Temples, beers, buddhas, budget bites and market stalls: a trip to China Town is a must for the not-so-snobby tourist. Hawkers Centres – essentially open-air food courts – are a foodie’s dream for getting to grips with Singapore’s melting pot of cuisines; they’re also the most budget-friendly way to eat in the city, and China Town is home to one of the most famous: the China Town Food Complex. Want a craft beer to wash down a cheap Michelin meal? You’ll find it here.

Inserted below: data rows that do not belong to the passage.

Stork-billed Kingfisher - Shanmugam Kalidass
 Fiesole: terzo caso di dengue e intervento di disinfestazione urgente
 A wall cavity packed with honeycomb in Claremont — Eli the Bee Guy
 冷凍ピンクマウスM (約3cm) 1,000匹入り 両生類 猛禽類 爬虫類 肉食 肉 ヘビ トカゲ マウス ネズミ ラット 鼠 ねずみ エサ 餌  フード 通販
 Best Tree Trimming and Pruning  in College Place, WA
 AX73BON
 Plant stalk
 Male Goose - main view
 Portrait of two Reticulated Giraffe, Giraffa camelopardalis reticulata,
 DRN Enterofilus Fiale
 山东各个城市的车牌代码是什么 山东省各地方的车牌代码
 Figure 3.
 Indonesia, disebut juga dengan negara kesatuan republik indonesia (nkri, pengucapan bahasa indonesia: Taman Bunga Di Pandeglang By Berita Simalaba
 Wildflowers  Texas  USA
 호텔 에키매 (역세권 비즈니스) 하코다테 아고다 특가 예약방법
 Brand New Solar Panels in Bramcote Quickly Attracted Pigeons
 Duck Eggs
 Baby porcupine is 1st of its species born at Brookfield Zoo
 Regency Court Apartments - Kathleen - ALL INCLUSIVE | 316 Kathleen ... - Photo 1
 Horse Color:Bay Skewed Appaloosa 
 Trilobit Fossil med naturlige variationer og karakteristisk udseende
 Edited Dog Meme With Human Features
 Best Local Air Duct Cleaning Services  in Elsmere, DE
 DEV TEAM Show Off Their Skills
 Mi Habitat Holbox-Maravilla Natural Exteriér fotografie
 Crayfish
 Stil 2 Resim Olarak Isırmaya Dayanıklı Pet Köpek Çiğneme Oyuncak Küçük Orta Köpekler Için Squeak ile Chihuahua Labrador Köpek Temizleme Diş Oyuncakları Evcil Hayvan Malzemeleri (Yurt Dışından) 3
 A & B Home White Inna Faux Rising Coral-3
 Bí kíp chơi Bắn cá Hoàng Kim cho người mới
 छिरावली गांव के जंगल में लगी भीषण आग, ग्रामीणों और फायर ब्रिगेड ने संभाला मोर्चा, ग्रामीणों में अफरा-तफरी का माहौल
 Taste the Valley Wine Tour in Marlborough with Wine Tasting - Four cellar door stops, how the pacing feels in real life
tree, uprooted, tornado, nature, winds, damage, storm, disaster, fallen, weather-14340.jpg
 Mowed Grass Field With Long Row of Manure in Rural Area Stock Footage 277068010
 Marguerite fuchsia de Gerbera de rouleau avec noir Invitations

Ann Siang Hill & Club Street

Just across from central China Town, we discovered Ann Siang Hill and Club Street, where restored houses ooze quaint vibes by day before the hill (and its rooftop bars) come to life at night. Given we were passing through, it would have been rude not to stop for a couple of afternoon drinks. We were loving Ox Well & Co for its gin bar and rooftop, plus Birds of a Feather in nearby Amoy Alley, but for a list of the best bars and restaurants in the area, check this out.

Singapore Zoo

I can’t say that I am a fan of zoos, but I told myself I would add Singapore Zoo to this list because, from what I learned while there, it has done its bit for endangered species, it simulates natural habitats and I can see how families would love it. Singapore Zoo is a sprawling landscape that houses almost 3000 animals and there’s plenty to explore while you’re there; however, you’ll need to get a bus or taxi from the nearest MRT station because it’s well out of the way of the main city. Prefer to see animals in the wild? Me too, so perhaps wait for your South African adventure in Kruger Park or plan a trip to Swaziland if Singapore Zoo is not for you.

Gardens by the Bay

If the film Avatar suddenly became some kind of futuristic reality show, it would probably be set in the sci-fi surroundings of Singapore’s Gardens by the Bay. Possibly one of the most Instagrammed hangouts in Singapore, Gardens by the Bay is home to out-of-this-world ‘supertrees’ that light up the city skyline at night. You can stand among the grove’s supertrees on a suspended OCBC Skyway for a fee ($20, I think), or you can just chill amidst the serene surroundings for free and soak up the light and sound show. You can also expect to find a Floral Fantasy area, a Cloud Forest, a Flower Dome and more attractions that draw the crowds along Singapore’s famous gardens.

Marina Bay Sands

Ah, Marina Bay Sands: Singapore’s iconic hotel that is oh-so famous for housing the world’s largest infinity pool. If you’ve ever tried booking into Marina Bay Sands on Singapore’s F1 weekend, you’ll know that it is ridiculously out-of-budget for someone like me. However, that doesn’t mean you can’t swing by and visit the Skypark Observation Deck for the skyline views. If you’re feeling particularly fancy (we weren’t), you can book dinner at the rooftop’s Ce La Vi lounge. Alternatively, you could just skip the luxury of it all and find an awesome spot along the bay to admire the architectural masterpiece of Marina Bay Sands from below. Note: it looks particularly good at night, and even better when it’s lit up with fireworks following the Grand Prix – just another reason to book your tickets for next year.

Sentosa Island

As my Singapore Stories state: Sentosa Island is basically one giant playground for kids and adults alike. You can expect adventure activities, beach clubs, a theme park, golf courses, high-end hotels, casinos and an old fort (the fort isn’t worth visiting at the height of a humid day). Did I love Sentosa island? No; I’m more of a Duxton Hill or Kampong Glam kinda girl. But did I have an action-packed day of fun? Yes. We took the cable car to and from Singapore Harbour to Sentosa Island, ‘The State of Fun’. My two highlights from the day were (1) racing down the Skyline Luge and (2) the high-speed Revenge of the Mummy rollercoaster at the island’s Universal Studios.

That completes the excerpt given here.